WHAT TO PRODUCE
Starting with the line that contains "5 makuuhuone Paritalo" and stopping after the line that contains "pov dua lipa", return each line below exactly as written, with no others.

DATASET RECORDS
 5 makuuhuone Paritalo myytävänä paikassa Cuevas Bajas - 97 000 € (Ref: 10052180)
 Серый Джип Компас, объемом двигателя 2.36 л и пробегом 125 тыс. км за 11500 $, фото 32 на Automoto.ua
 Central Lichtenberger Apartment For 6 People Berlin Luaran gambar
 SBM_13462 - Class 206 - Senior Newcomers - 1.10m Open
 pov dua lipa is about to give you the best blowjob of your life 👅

==

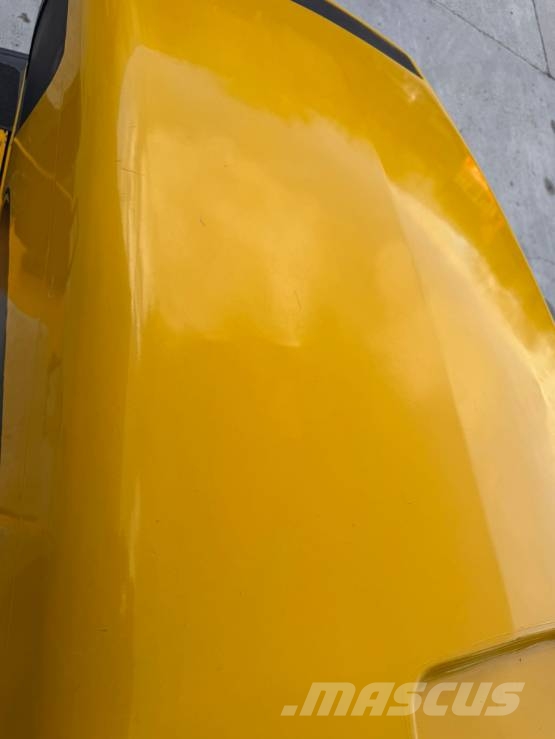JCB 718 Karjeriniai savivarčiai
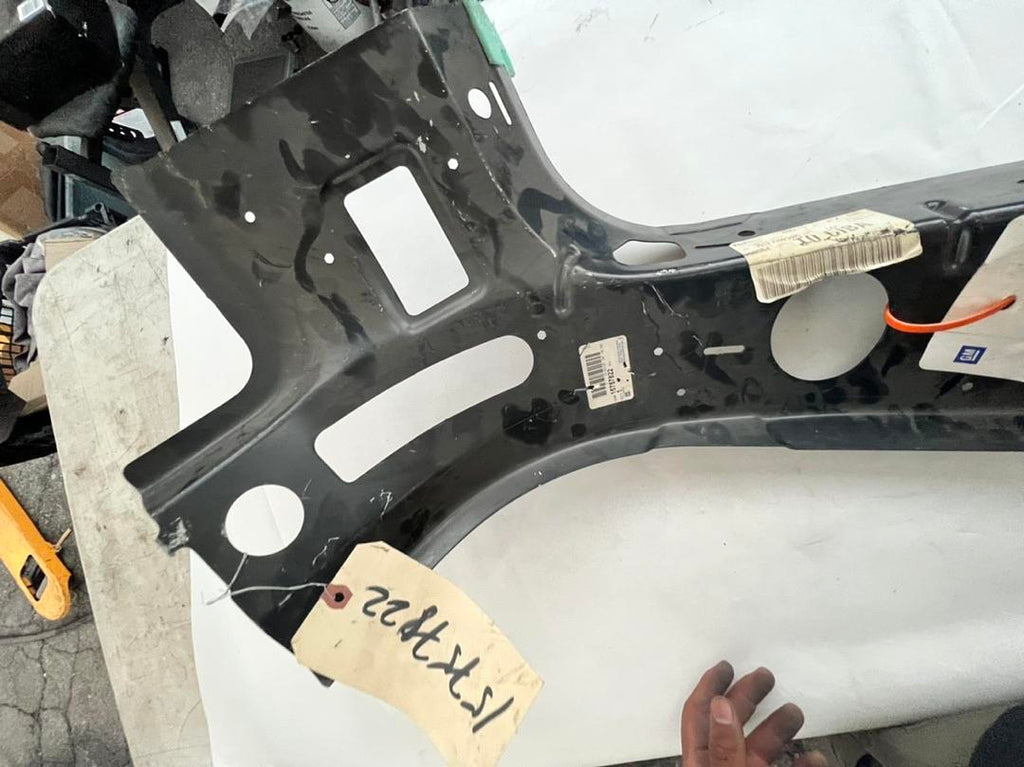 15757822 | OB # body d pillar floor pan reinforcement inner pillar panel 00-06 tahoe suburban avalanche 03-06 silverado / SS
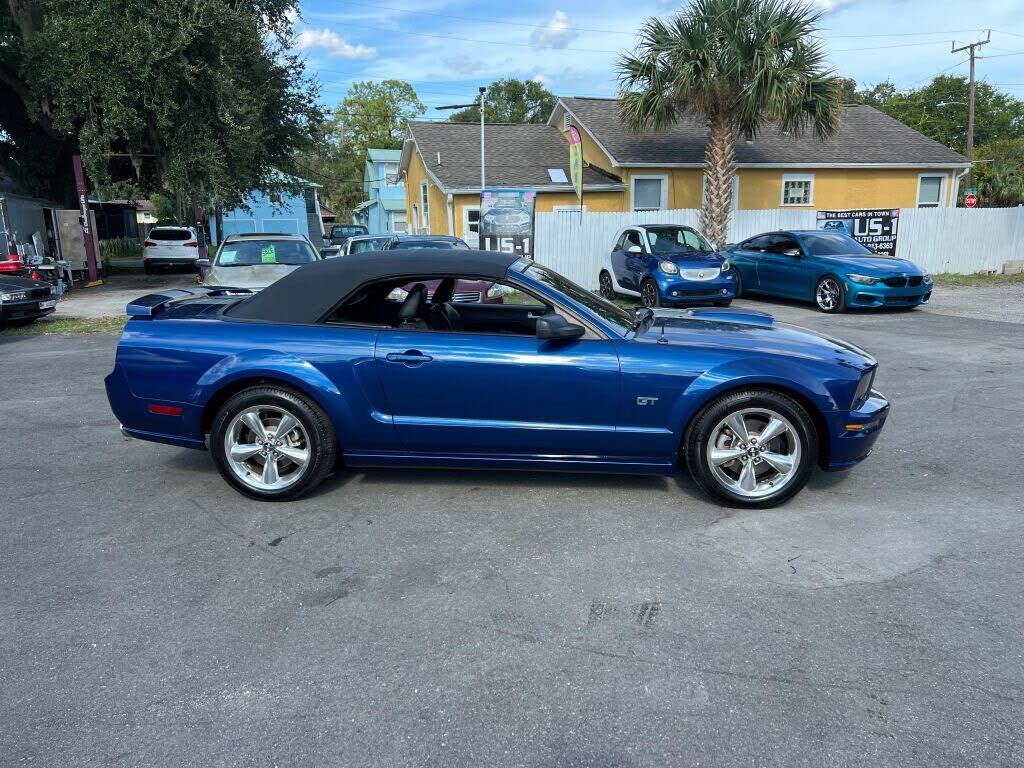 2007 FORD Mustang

OUTPUT OF THE TASK
 5 makuuhuone Paritalo myytävänä paikassa Cuevas Bajas - 97 000 € (Ref: 10052180)
 Серый Джип Компас, объемом двигателя 2.36 л и пробегом 125 тыс. км за 11500 $, фото 32 на Automoto.ua
 Central Lichtenberger Apartment For 6 People Berlin Luaran gambar
 SBM_13462 - Class 206 - Senior Newcomers - 1.10m Open
 pov dua lipa is about to give you the best blowjob of your life 👅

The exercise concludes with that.